▸ EXERCISE DATA
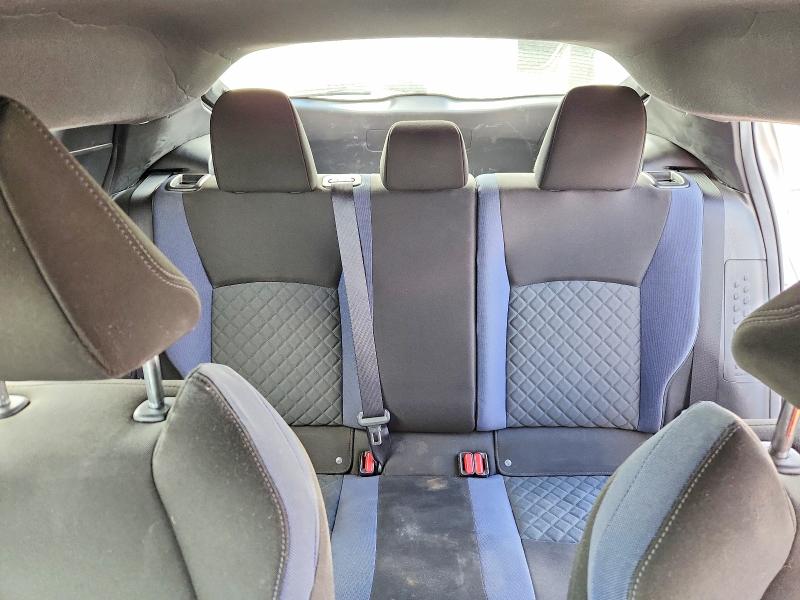 Aukcja sprzedaży 2020 Toyota C-hr, vin: JTNKHMBX4L1083266, numer aukcji: 52408666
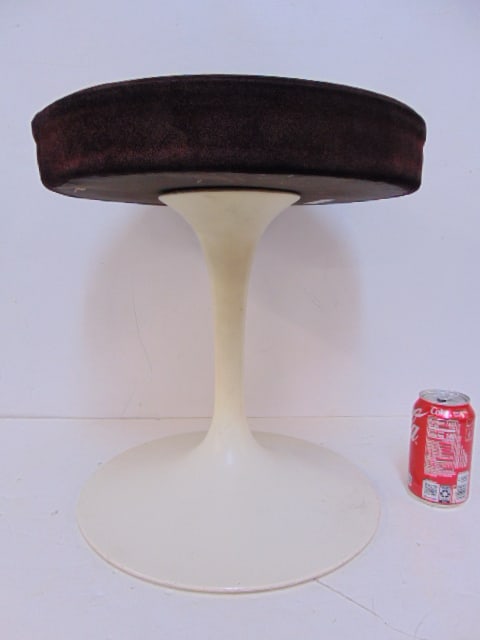 FLORENCE KNOLL FOR KNOLL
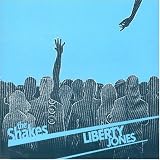Liberty Jones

▸ WORK REQUEST
Return the whole listing word for word. Pictures stay out of it.

▸ SOLVED PROBLEM
 Aukcja sprzedaży 2020 Toyota C-hr, vin: JTNKHMBX4L1083266, numer aukcji: 52408666
 FLORENCE KNOLL FOR KNOLL
Liberty Jones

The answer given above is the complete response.